### [Records shown]
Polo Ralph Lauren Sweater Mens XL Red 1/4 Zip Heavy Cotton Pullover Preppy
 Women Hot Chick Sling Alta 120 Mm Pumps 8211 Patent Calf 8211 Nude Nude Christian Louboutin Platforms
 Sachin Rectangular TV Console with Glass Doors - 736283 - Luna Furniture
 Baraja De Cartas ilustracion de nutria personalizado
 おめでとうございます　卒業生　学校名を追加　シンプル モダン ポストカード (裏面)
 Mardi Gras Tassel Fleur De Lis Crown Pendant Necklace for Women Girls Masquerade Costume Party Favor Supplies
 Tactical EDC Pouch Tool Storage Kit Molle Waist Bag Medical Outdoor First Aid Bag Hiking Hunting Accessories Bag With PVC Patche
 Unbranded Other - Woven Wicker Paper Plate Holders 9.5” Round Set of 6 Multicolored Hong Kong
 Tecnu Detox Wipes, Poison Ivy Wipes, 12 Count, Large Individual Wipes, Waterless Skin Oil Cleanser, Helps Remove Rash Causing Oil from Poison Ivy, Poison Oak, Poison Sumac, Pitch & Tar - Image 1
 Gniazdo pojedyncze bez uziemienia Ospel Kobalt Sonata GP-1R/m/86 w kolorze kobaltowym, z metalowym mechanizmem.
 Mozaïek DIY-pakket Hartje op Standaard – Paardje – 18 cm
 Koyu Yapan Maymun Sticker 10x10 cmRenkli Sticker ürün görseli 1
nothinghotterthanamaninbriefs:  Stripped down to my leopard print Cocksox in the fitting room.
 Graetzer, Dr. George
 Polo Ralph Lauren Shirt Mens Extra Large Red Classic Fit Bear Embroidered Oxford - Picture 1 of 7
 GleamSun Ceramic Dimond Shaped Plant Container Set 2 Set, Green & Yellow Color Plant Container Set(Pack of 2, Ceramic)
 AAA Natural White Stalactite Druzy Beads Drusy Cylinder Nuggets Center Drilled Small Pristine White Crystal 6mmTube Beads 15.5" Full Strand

### [Aim of the exercise]
State only how many lines above contain "Mens".

### [Answer to this problem]
2